SHOW DON’T TELL

 

 

Many years ago, Cathy was driving her little Mini along Piccadilly.

It was one of the original tiny Minis, she was turning into Haymarket with all the traffic.

The road narrowed at that point, so she was diagonally in front of a large lorry.

Everyone was stopped, waiting at the traffic lights.

As the lights changed the lorry moved off straight into the side of Cathy’s car.

There was a huge hook on the front that came through the window and stoved in the door.

The lorry didn’t stop it just kept going.

Cathy’s car was being pushed along sideways with the lorry trying to roll over it.

Cathy was yelling but all she could hear was the roar of the engine and all she could see was the huge hook on the truck’s front bumper next to her face.

People on the pavement were yelling trying to stop the truck-driver but he kept going.

The lorry was pushing her the length of Haymarket, down to Pall Mall.

The only thing stopping the lorry rolling over the Mini was the huge hook that had gone through the window and was now stuck in the roof.

Eventually the driver stopped, he and two mates got out of the cab to see what everyone was yelling at.

Everyone kept asking the driver why he didn’t stop, he just kept repeating he hadn’t seen Cathy’s little Mini in front.

The driver kept repeating, “I just thought the engine was running a bit lumpy”.
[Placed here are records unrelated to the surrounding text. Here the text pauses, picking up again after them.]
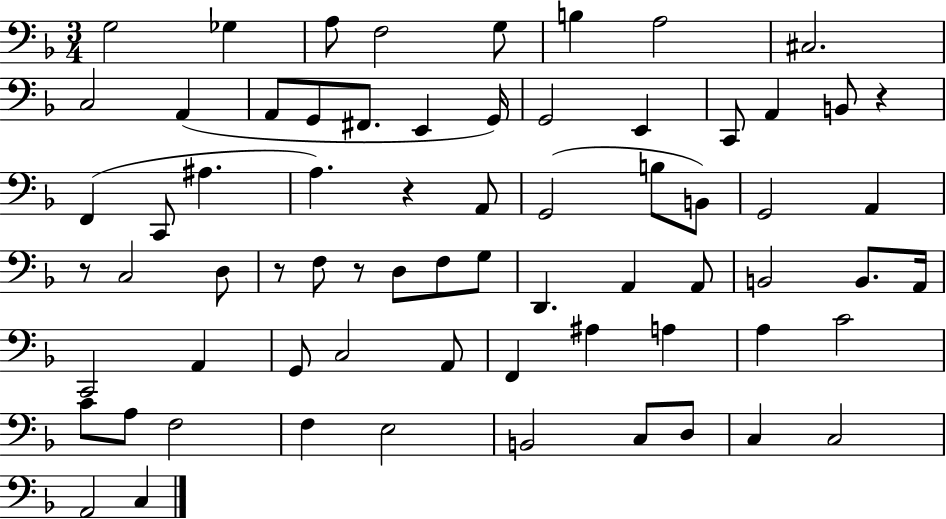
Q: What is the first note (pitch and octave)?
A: G3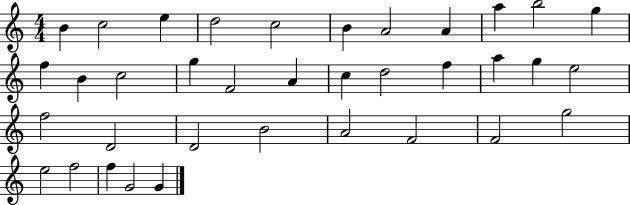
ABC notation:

X:1
T:Untitled
M:4/4
L:1/4
K:C
B c2 e d2 c2 B A2 A a b2 g f B c2 g F2 A c d2 f a g e2 f2 D2 D2 B2 A2 F2 F2 g2 e2 f2 f G2 G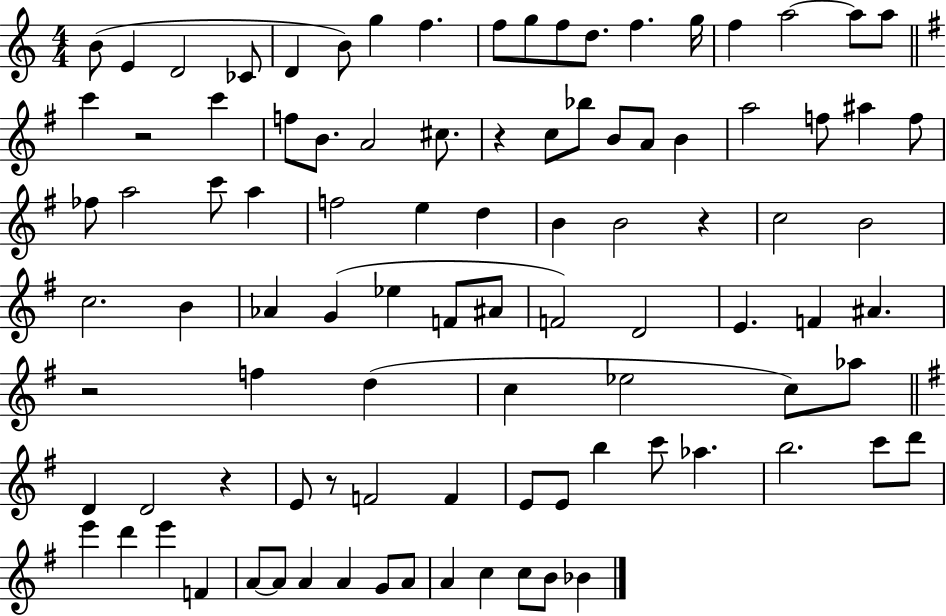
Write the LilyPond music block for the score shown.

{
  \clef treble
  \numericTimeSignature
  \time 4/4
  \key c \major
  b'8( e'4 d'2 ces'8 | d'4 b'8) g''4 f''4. | f''8 g''8 f''8 d''8. f''4. g''16 | f''4 a''2~~ a''8 a''8 | \break \bar "||" \break \key e \minor c'''4 r2 c'''4 | f''8 b'8. a'2 cis''8. | r4 c''8 bes''8 b'8 a'8 b'4 | a''2 f''8 ais''4 f''8 | \break fes''8 a''2 c'''8 a''4 | f''2 e''4 d''4 | b'4 b'2 r4 | c''2 b'2 | \break c''2. b'4 | aes'4 g'4( ees''4 f'8 ais'8 | f'2) d'2 | e'4. f'4 ais'4. | \break r2 f''4 d''4( | c''4 ees''2 c''8) aes''8 | \bar "||" \break \key g \major d'4 d'2 r4 | e'8 r8 f'2 f'4 | e'8 e'8 b''4 c'''8 aes''4. | b''2. c'''8 d'''8 | \break e'''4 d'''4 e'''4 f'4 | a'8~~ a'8 a'4 a'4 g'8 a'8 | a'4 c''4 c''8 b'8 bes'4 | \bar "|."
}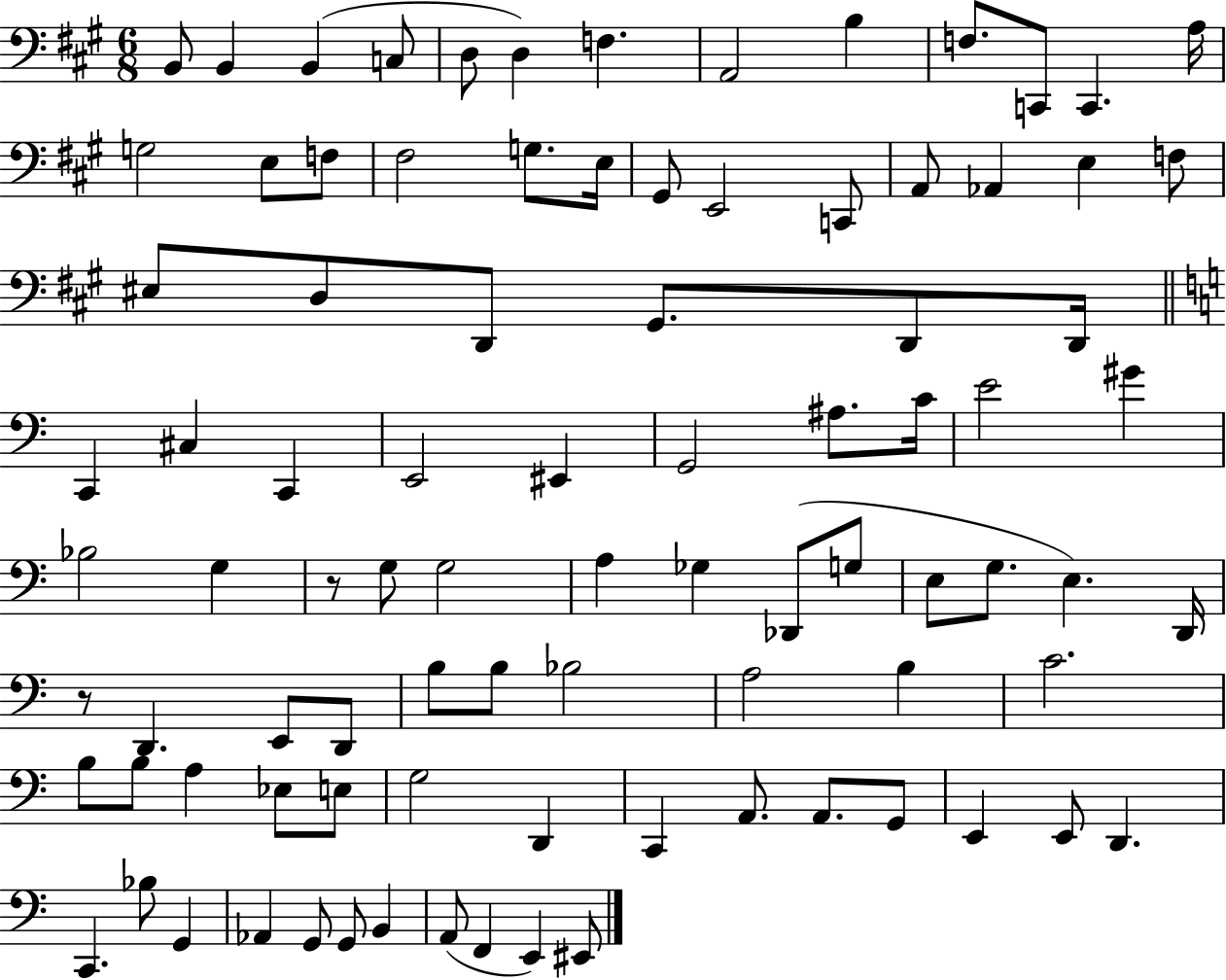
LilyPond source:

{
  \clef bass
  \numericTimeSignature
  \time 6/8
  \key a \major
  b,8 b,4 b,4( c8 | d8 d4) f4. | a,2 b4 | f8. c,8 c,4. a16 | \break g2 e8 f8 | fis2 g8. e16 | gis,8 e,2 c,8 | a,8 aes,4 e4 f8 | \break eis8 d8 d,8 gis,8. d,8 d,16 | \bar "||" \break \key c \major c,4 cis4 c,4 | e,2 eis,4 | g,2 ais8. c'16 | e'2 gis'4 | \break bes2 g4 | r8 g8 g2 | a4 ges4 des,8( g8 | e8 g8. e4.) d,16 | \break r8 d,4. e,8 d,8 | b8 b8 bes2 | a2 b4 | c'2. | \break b8 b8 a4 ees8 e8 | g2 d,4 | c,4 a,8. a,8. g,8 | e,4 e,8 d,4. | \break c,4. bes8 g,4 | aes,4 g,8 g,8 b,4 | a,8( f,4 e,4) eis,8 | \bar "|."
}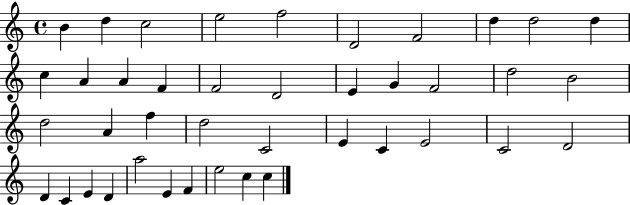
X:1
T:Untitled
M:4/4
L:1/4
K:C
B d c2 e2 f2 D2 F2 d d2 d c A A F F2 D2 E G F2 d2 B2 d2 A f d2 C2 E C E2 C2 D2 D C E D a2 E F e2 c c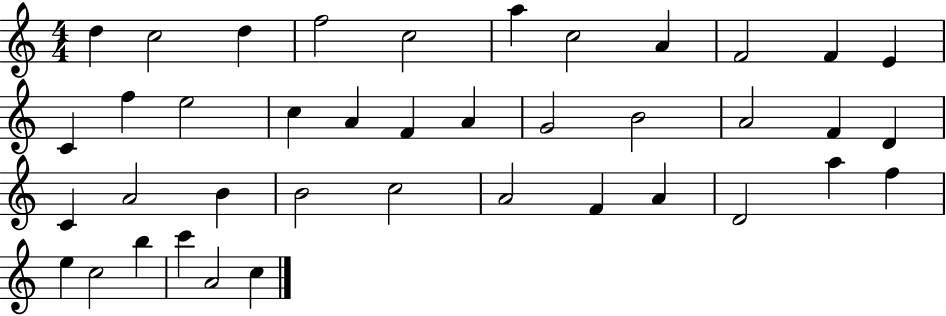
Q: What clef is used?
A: treble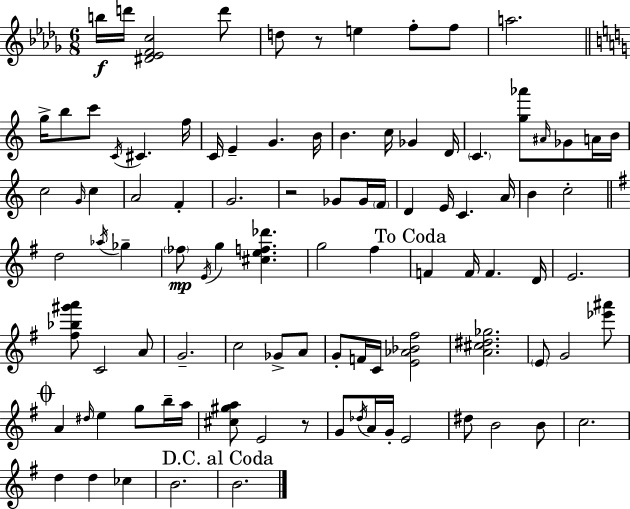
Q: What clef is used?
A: treble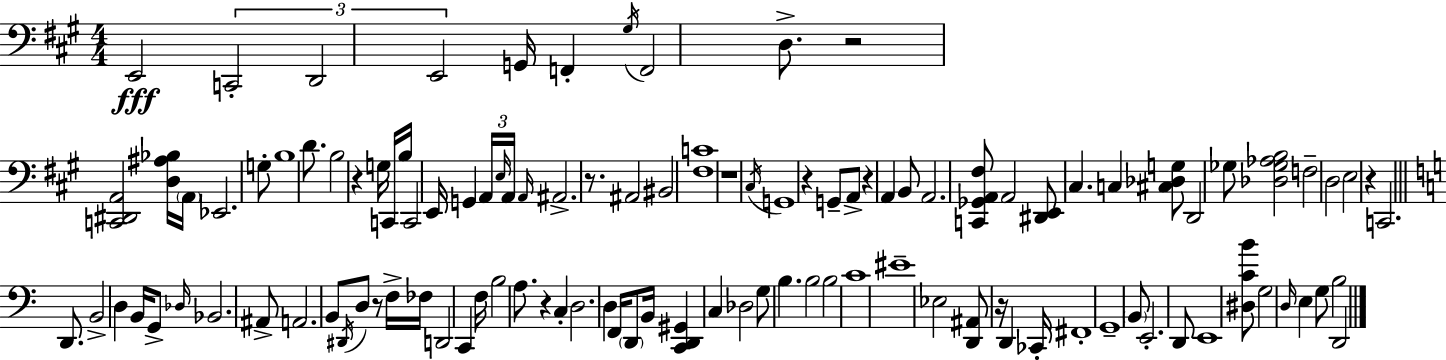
X:1
T:Untitled
M:4/4
L:1/4
K:A
E,,2 C,,2 D,,2 E,,2 G,,/4 F,, ^G,/4 F,,2 D,/2 z2 [C,,^D,,A,,]2 [D,^A,_B,]/4 A,,/4 _E,,2 G,/2 B,4 D/2 B,2 z G,/4 C,,/4 B,/4 C,,2 E,,/4 G,, A,,/4 E,/4 A,,/4 A,,/4 ^A,,2 z/2 ^A,,2 ^B,,2 [^F,C]4 z4 ^C,/4 G,,4 z G,,/2 A,,/2 z A,, B,,/2 A,,2 [C,,_G,,A,,^F,]/2 A,,2 [^D,,E,,]/2 ^C, C, [^C,_D,G,]/2 D,,2 _G,/2 [_D,_G,_A,B,]2 F,2 D,2 E,2 z C,,2 D,,/2 B,,2 D, B,,/4 G,,/2 _D,/4 _B,,2 ^A,,/2 A,,2 B,,/2 ^D,,/4 D,/2 z/2 F,/4 _F,/4 D,,2 C,, F,/4 B,2 A,/2 z C, D,2 D, F,,/4 D,,/2 B,,/4 [C,,D,,^G,,] C, _D,2 G,/2 B, B,2 B,2 C4 ^E4 _E,2 [D,,^A,,]/2 z/4 D,, _C,,/4 ^F,,4 G,,4 B,,/2 E,,2 D,,/2 E,,4 [^D,CB]/2 G,2 D,/4 E, G,/2 B,2 D,,2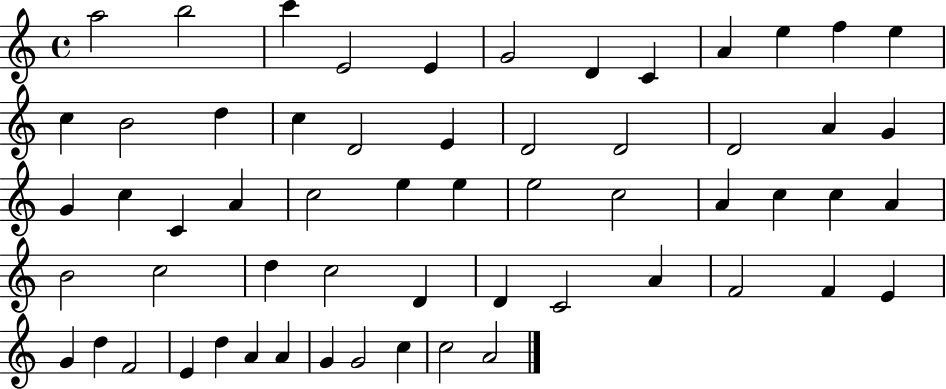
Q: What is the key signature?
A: C major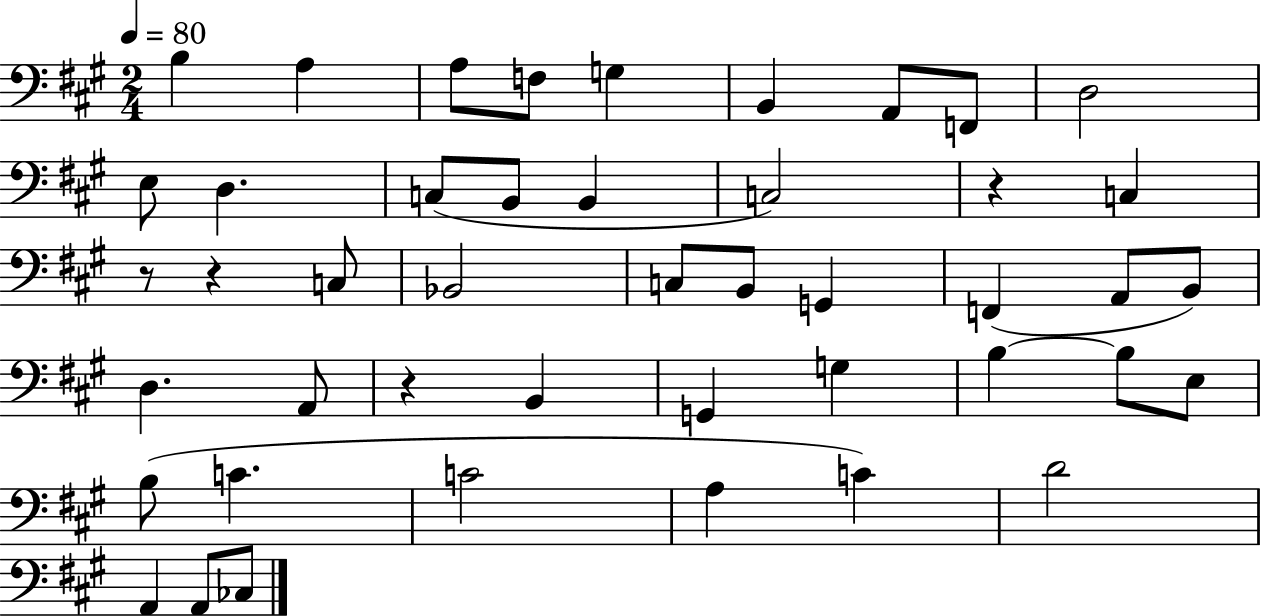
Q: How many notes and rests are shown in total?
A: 45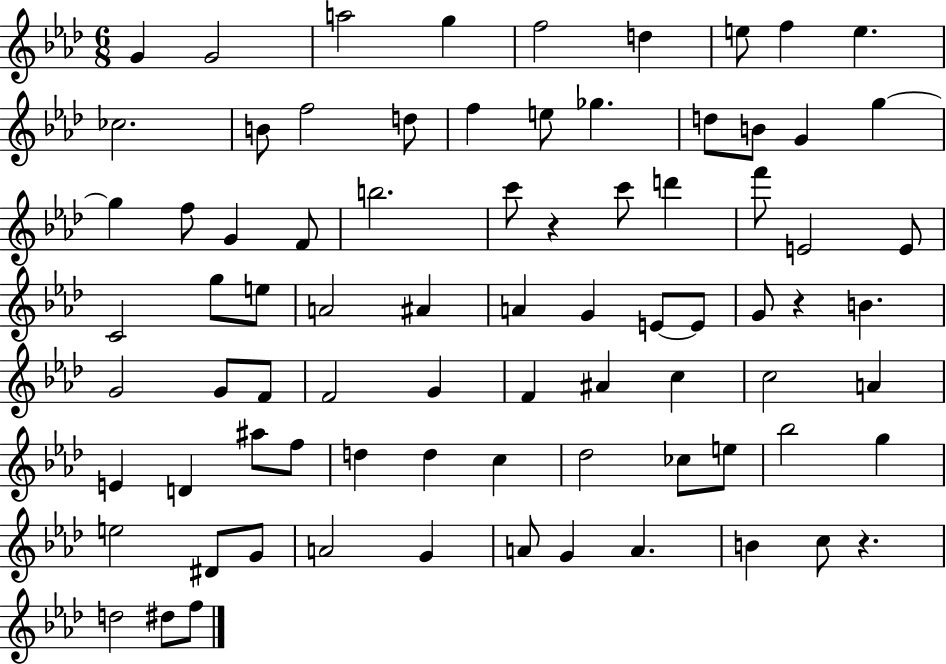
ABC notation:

X:1
T:Untitled
M:6/8
L:1/4
K:Ab
G G2 a2 g f2 d e/2 f e _c2 B/2 f2 d/2 f e/2 _g d/2 B/2 G g g f/2 G F/2 b2 c'/2 z c'/2 d' f'/2 E2 E/2 C2 g/2 e/2 A2 ^A A G E/2 E/2 G/2 z B G2 G/2 F/2 F2 G F ^A c c2 A E D ^a/2 f/2 d d c _d2 _c/2 e/2 _b2 g e2 ^D/2 G/2 A2 G A/2 G A B c/2 z d2 ^d/2 f/2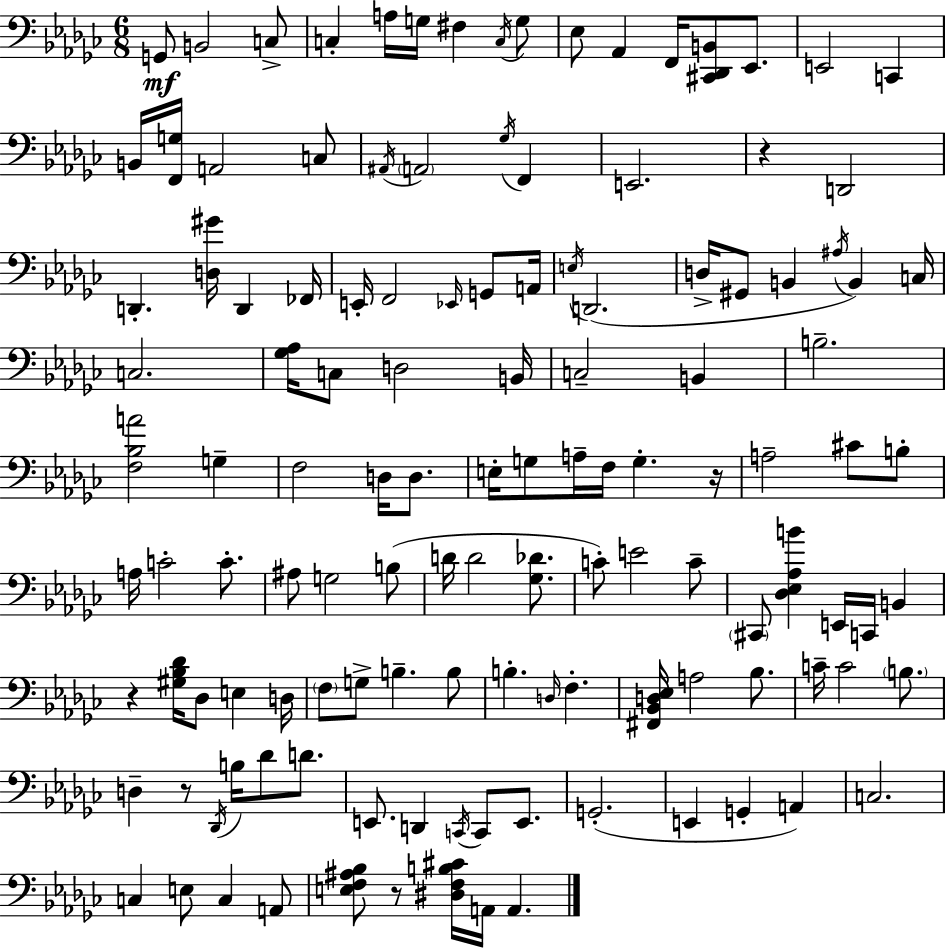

Of course the Mini was a crumpled write-off, but Cathy couldn’t believe that the driver and his two mates couldn’t see a car in front of them.

It does seem unbelievable, but I’ve just seen a French commercial that would save lives if it was running in the UK.

There’s no VO at all, no soundtrack, no subtitles, just a silent one-shot demo.

It’s a 40 second ad shot from the lorry-driver’s PoV, in a stationery lorry.

The camera starts off looking though the windscreen at the empty road ahead.

At 5 secs the camera pans right and zooms in to the empty side-mirror, nothing behind.

At 10 secs the camera pans left and zooms in to the other empty mirror, nothing alongside.

At 15 secs the driver opens the door and gets out.

At 20 secs the camera sees the SIX bikes that it couldn’t see in the mirror, next to the lorry.

At 25 secs the camera walks in front of the lorry and sees a CHILD it couldn’t see through the windscreen.

At 30 secs the camera walks to the other side and sees another SIX bikes it couldn’t see in that mirror.

At 35 secs it mixes to an overhead diagram showing all the people that were invisible from the driver’s seat, including THREE pedestrians behind the lorry.

At 40 secs we see the blind spots and the only words appear in French: ANGLES MORTS (Angles of Death).

Not a word is spoken throughout the whole ad, just a perfectly straight, single-shot demonstration of what can’t be seen from the driver’s position.
That’s what makes it so powerful, there’s no attempt to use impactful words or dramatic music to tell you what you’re supposed to think, which why it’s all the more shocking.

If cyclists and pedestrians saw this ad they’d know they can’t rely on lorry-drivers to see them, and they’d stay as far away from lorries as possible.

Years back, I saw a sign on the back of a lorry: IF YOU CAN’T SEE MY MIRRORS I CAN’T SEE YOU.

This was good advice for cyclists behind lorries, but it’s actually worse than that.

Lorry drivers can’t see what’s in front of them, below the windscreen, as Cathy found out.

We should be running ads like that on TV over here.

Years back the COI (Central Office of Information) used to run advertising campaigns that told people what they needed to know to stay safe.

They stopped doing it about twenty years ago, to save money.

I think they should start doing it again, it would be more useful than a lot of the things the government spends our money on.